Top of SOURCE MATERIAL
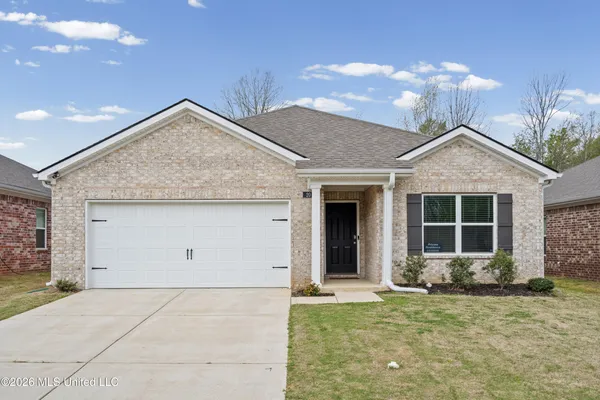 $299,000 | 20 Lee Creek Road, Byhalia, MS 38611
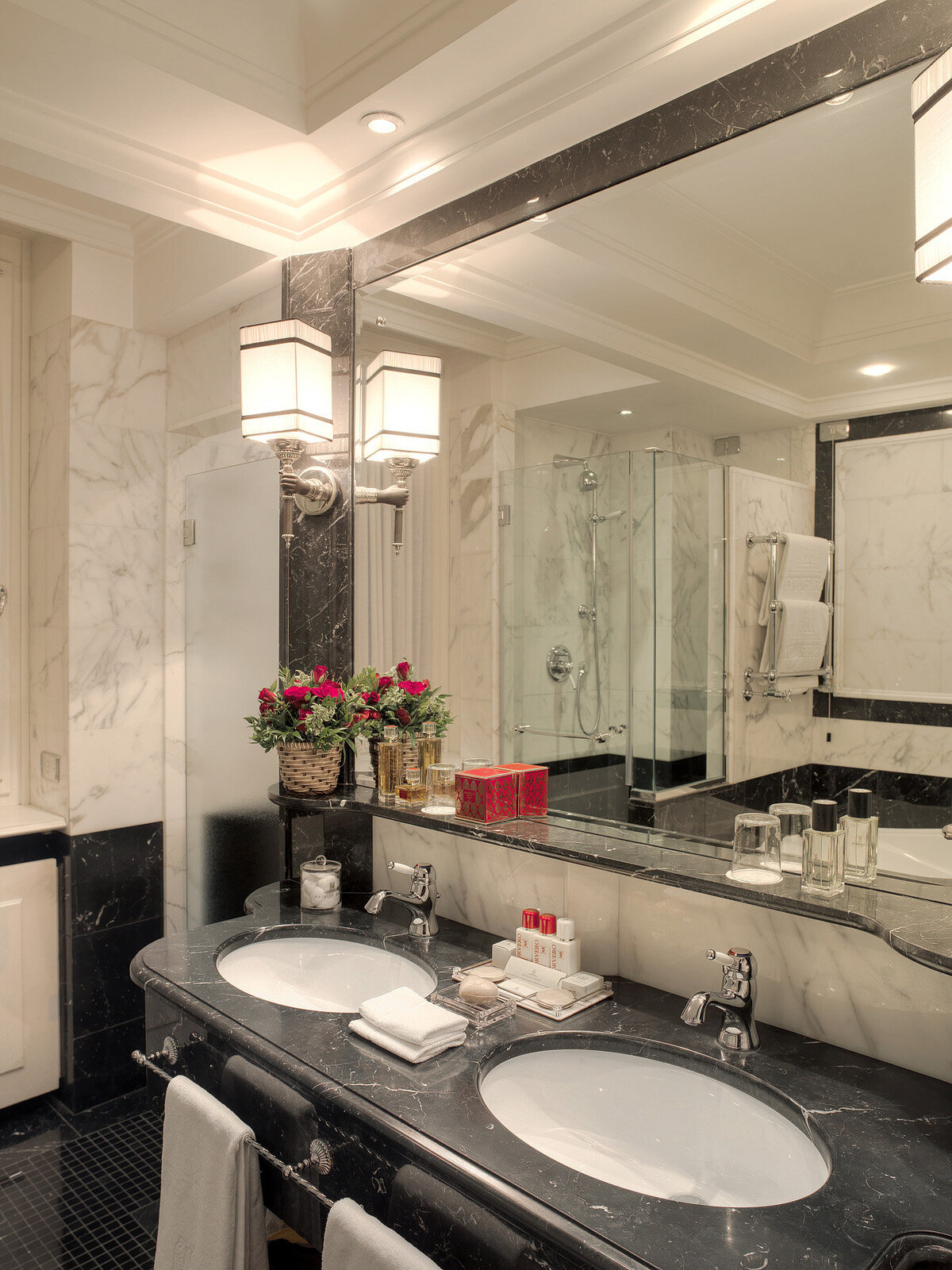 Waterstone - Hassler Collection - Hotel Hassler -Rome - Luxury Boutique Hotel - Classic Suite Bathroom ( 1 ) - Hassler Roma - 150 dpi
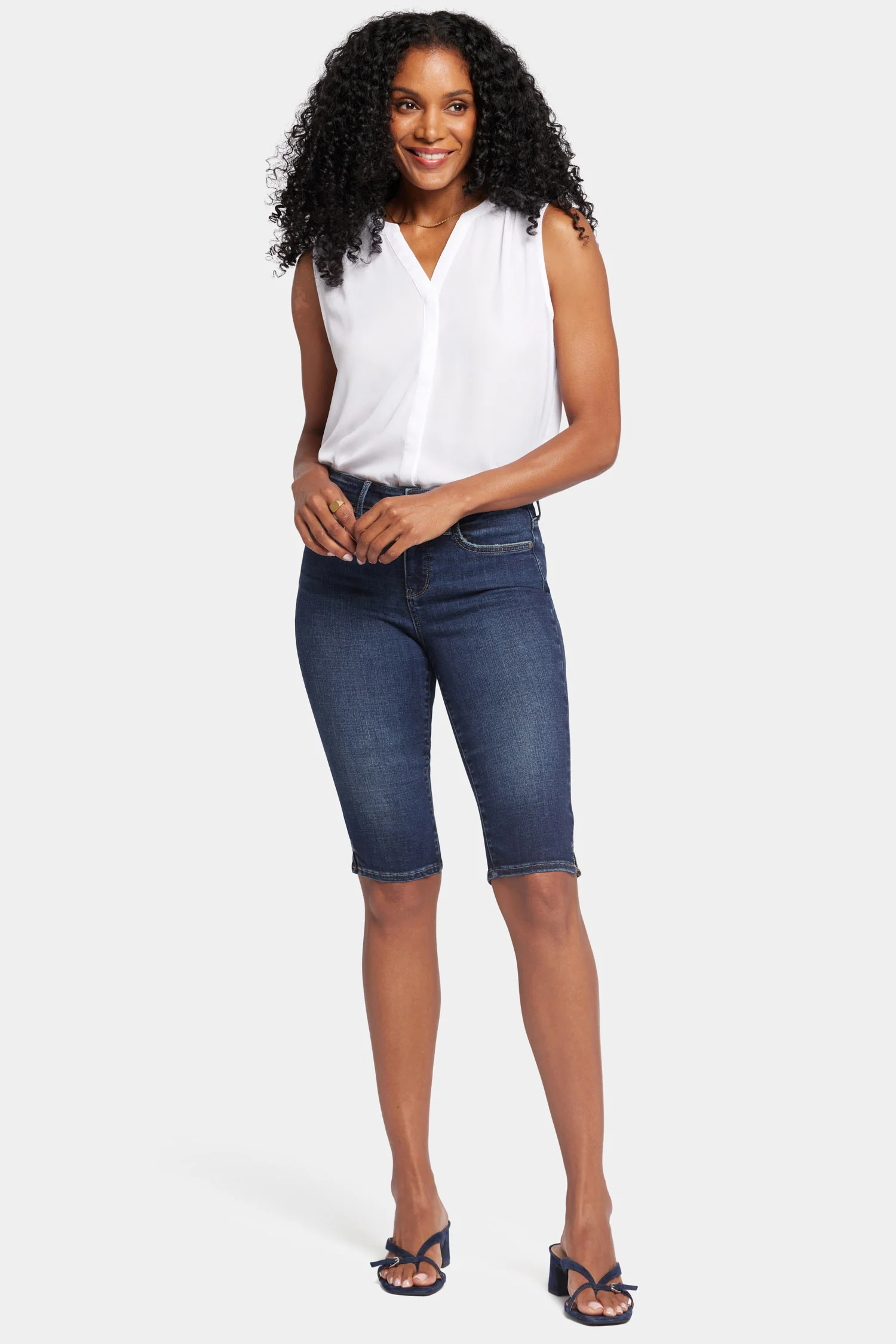 10276-sophie-bike-capri-jeans-in-petite-lotus-gardens-1.webp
Bottom of SOURCE MATERIAL
• WHAT YOU NEED TO DO: The answer should contain every line of the material exactly as written and no pictures.

• RESPONSE TO THE TASK:
 $299,000 | 20 Lee Creek Road, Byhalia, MS 38611
 Waterstone - Hassler Collection - Hotel Hassler -Rome - Luxury Boutique Hotel - Classic Suite Bathroom ( 1 ) - Hassler Roma - 150 dpi
 10276-sophie-bike-capri-jeans-in-petite-lotus-gardens-1.webp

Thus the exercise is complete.